◆ **WORK INSTRUCTIONS**:
Your answer must consist of exactly the lines below, starting with the line with "продажа недвижимости в" and going on through the line with "-禾珍珠家常小馆(河南博物院店)", and nothing else.

◆ **RECORDS FOR PROCESSING**:
______
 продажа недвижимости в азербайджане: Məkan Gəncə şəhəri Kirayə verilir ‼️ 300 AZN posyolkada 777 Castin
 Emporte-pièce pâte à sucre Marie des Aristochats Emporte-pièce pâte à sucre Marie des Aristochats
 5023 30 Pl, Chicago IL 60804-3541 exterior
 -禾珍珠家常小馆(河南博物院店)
______
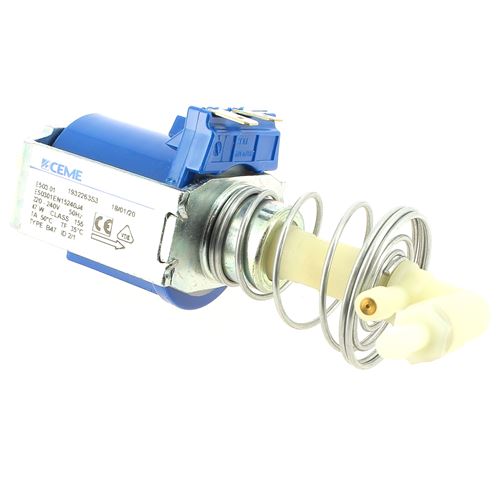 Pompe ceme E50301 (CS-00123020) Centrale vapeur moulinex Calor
______
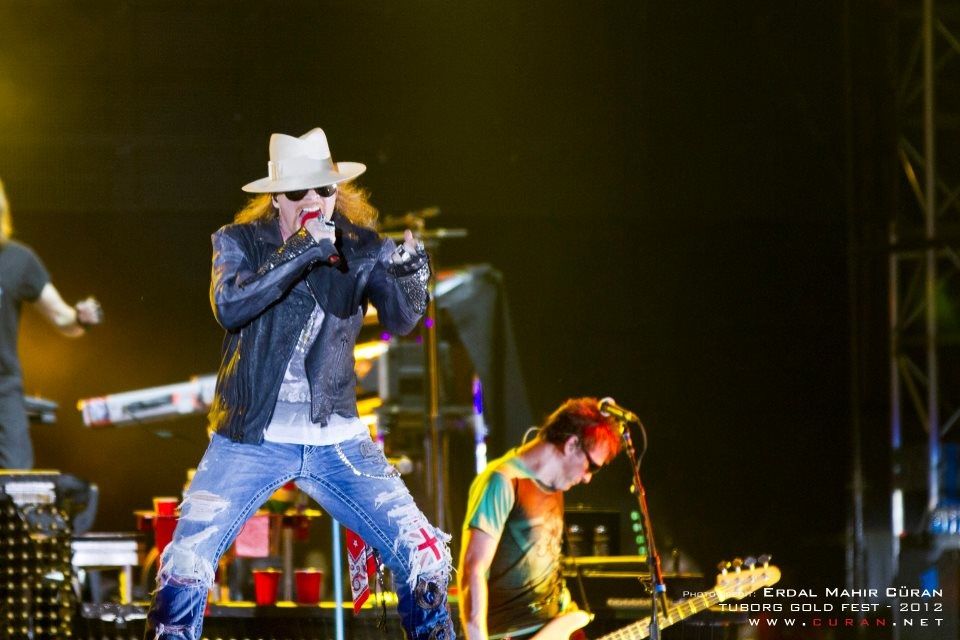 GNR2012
______
◆ **TASK OUTPUT**:
 продажа недвижимости в азербайджане: Məkan Gəncə şəhəri Kirayə verilir ‼️ 300 AZN posyolkada 777 Castin
 Emporte-pièce pâte à sucre Marie des Aristochats Emporte-pièce pâte à sucre Marie des Aristochats
 5023 30 Pl, Chicago IL 60804-3541 exterior
 -禾珍珠家常小馆(河南博物院店)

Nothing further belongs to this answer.